A mulher mais velha, a mãe do amigo de Tomek, parece comandar o destino dele, ou melhor, do homem. Mostra o Miss Polônia na Tv, lhe dá permissão para levar alguma garota em casa, fala da namorada árabe do filho e etc. Mas tudo isso em um duplo sentido pois teme que ele a abandone em sua solidão. Ela tenta barra-lo na paixão que sente com relação á aquela estranha mulher, impedindo, dificultando seu acesso ás informações sobre o fato ocorrido, sobre o hospital, até mentindo sobre o telefone, que diz que lá não tinha telefone.
Curiosas são suas palavras a Tomek, quando pergunta porque as pessoas choram.
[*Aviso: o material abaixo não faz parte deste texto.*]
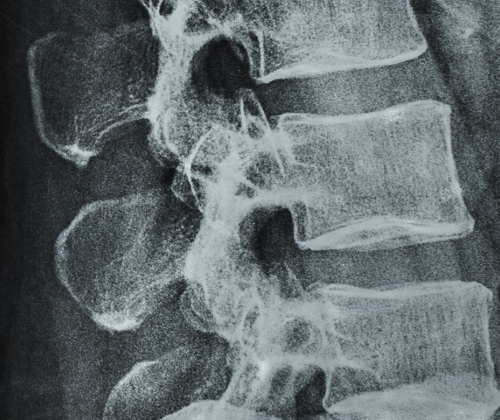 advanced spine and pain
Ela responde: Choram porque não aguentam mais... a vida. De que vida ela fala? Uma vida de renuncias que precisa ser suportada no exilio, na solidão, na vida que não arrisca á contingência do amor? É preciso arriscar ás contingencias do amor para que ele subsista como necessário: aí então, o amor se impõe no caminho do sujeito desejante. Lacan diz isso.
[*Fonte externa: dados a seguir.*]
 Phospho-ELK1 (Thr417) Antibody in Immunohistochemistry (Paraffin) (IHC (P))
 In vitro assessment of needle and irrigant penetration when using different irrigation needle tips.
Apesar de todos os aparatos que Tomek usa, ele quer chegar mais perto, ver sem aparelhos, sentir de perto aquela mulher, rompendo a moldura. Passa a entregar o leite como uma possibilidade de estar frente a frente com esta mulher.. Ele não recusa, não recua, sustenta sua investida, mesmo correndo o risco de perda total.
E neste momento do encontro onde é forçado a dizer o seu nome, não sabe explicitá-lo. Ele só quer amar, mais ...ainda.
Amar e ser amado? Tomek se posiciona frente ao desejo e arrisca ao convite do sorvete e mais outro convite de ir á sua casa. Ele conta como a espiona, e as estratégias para vê-la de perto, ou seja toda a aparelhagem do seu amor: Lacan diz: “Não é do defrontamento com esse impasse, que é posto á prova o amor?” pag.197
Ela tenta ensinar-lhe na posição de dona da verdade e diz: “Pois então aí está tudo o que representa o amor” Frente a isso ele não suporta a vida, se esgota em sangue corta os pulsos.
O gozo vence o sujeito, é preciso instaurar de novo o “Não”, atuado pela tentativa de suicídio, e pelas interceptações da velha mulher: Não, não, não.
Ao final há uma troca de posições : Tomek agora é que vive nas fantasias de Magda, ocupando o lugar dele, toma distancia de seu drama e se coloca no lugar do outro na tentativa de saber sobre a verdade do amor. Marcado pelo não, pela fantasia, o amor testemunha a verdade do sujeito.